Stop pushing yourself to where you feel like you're dying. If you're new to this much exercise, you're having to build up both muscles/tendons and breath.

Tendons and connective tissue take longer to condition than muscles. Don't push to injury.

Aerobic capacity grows by working out in aerobic range. If you push past that to when you're gasping for breath, you aren't improving your aerobic capacity as efficiently as you could.

Nerd rabbit hole, you want Zone 2 training and you can find a bajillion YouTube videos on it. The less-nerd version is run until you start losing your breath, slow down or even walk until you catch it again, run until you lose it, rinse and repeat.

Couch to 5k programs are fine. I think if you're trying to do this for longer-term goals than a 5k in ten weeks, then look for zone 2 training instead of couch to 5k. Zone 2 training will be slower advancement but result in a more robust base.
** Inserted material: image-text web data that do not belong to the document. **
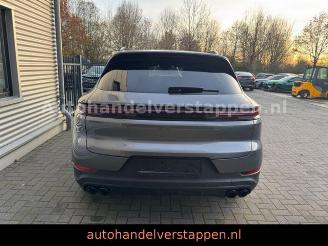 Porsche Cayenne E-Hybrid Exclusive Design Matric ACC picture 4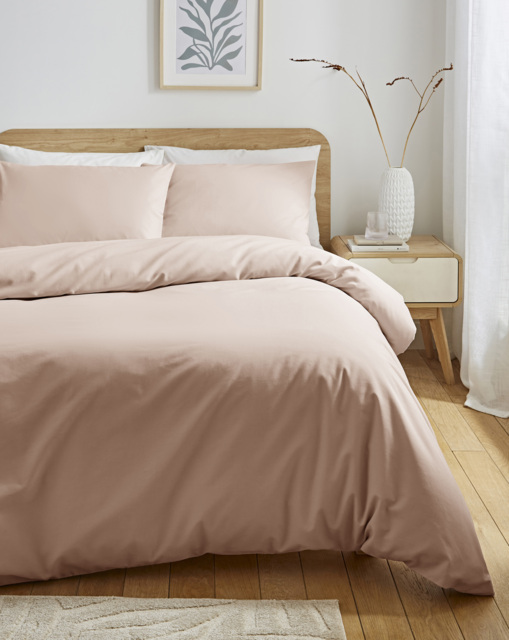 Non Iron Plain Dye Duvet Cover Blush - JD Williams - Size: S KING - image 1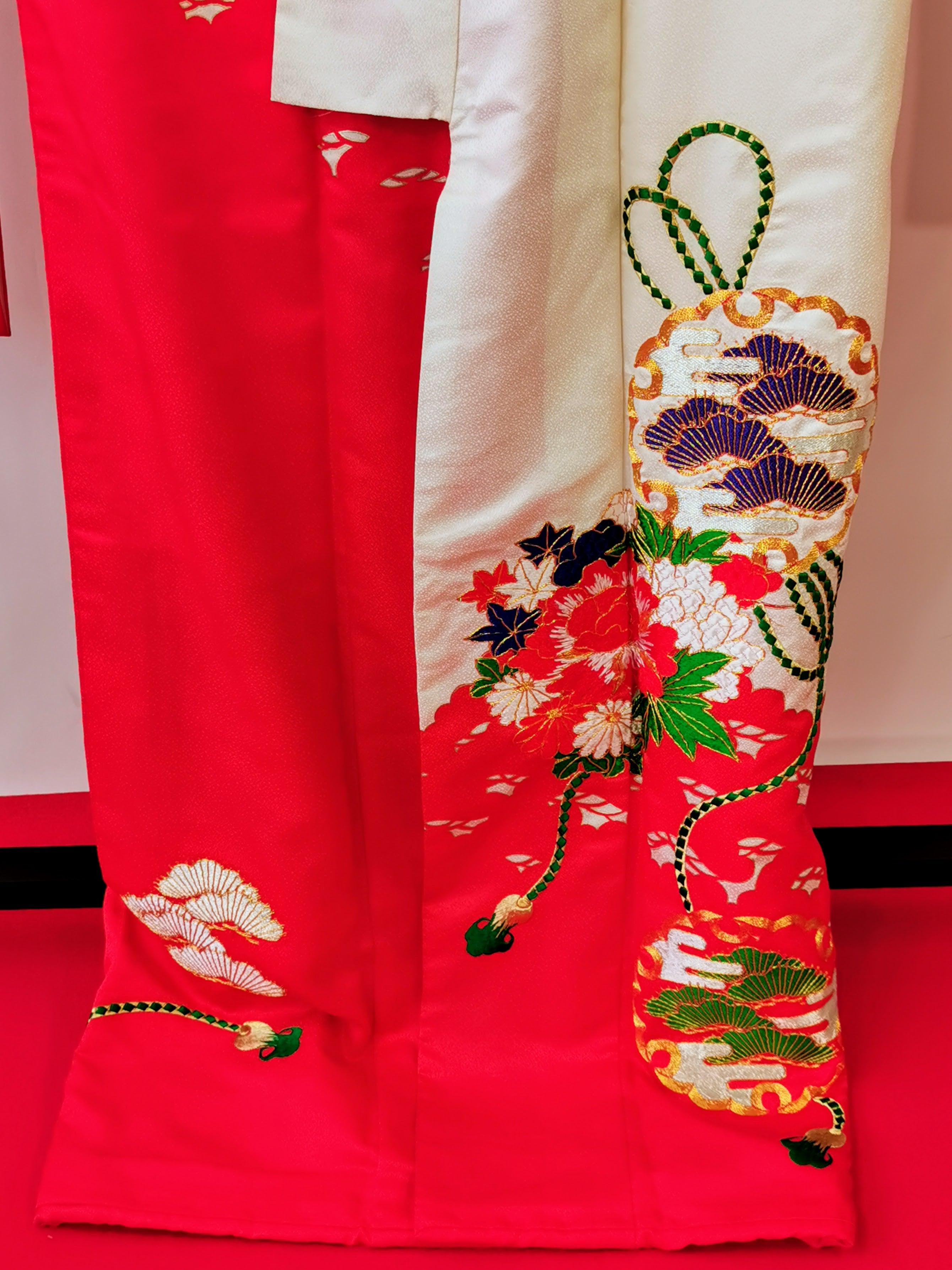 引き振袖 お引きずり 花嫁衣装 結婚式 豪華 刺繍 婚礼 ウエディング 古着◆twff225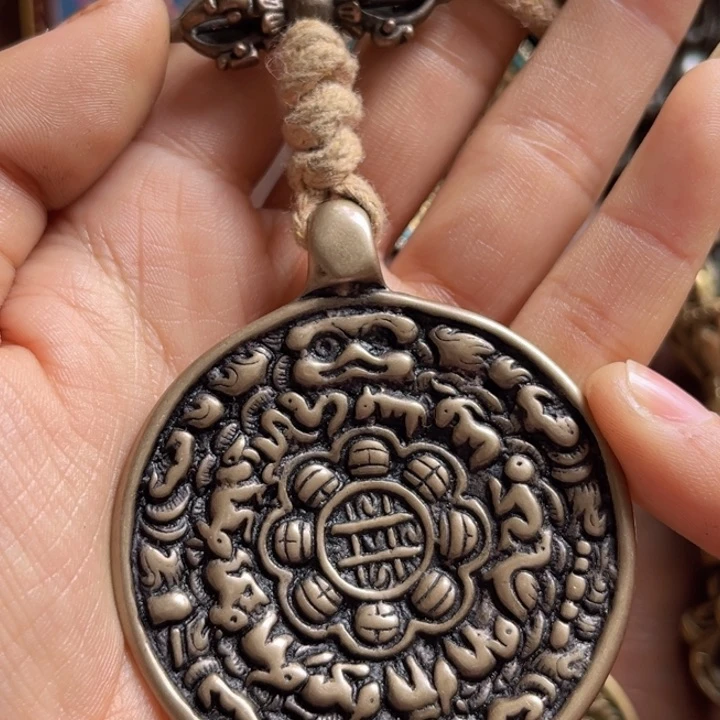 颈饰琉璃泓*喜欢的朋友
[–] CultLeader4Hire@lemmy.world 10 points 1 month ago (1 children)

Also something few people talk about is fully breathing out all of your breath. A lot of people don’t expel their full breath and end up gasping but not exchanging much air. Breathing technique can also help with this.

[–] tpyo@lemmy.world 1 points 1 month ago

That's a big one. I get side stitches easily and something that's helped immensely with preventing them improved my breathing when walking, especially up big stupid hills, is breathing in through the nose and out the mouth

[–] applebusch@lemmy.blahaj.zone 1 points 1 month ago

I think the point is that it isn't slower, it's really faster because it actually works.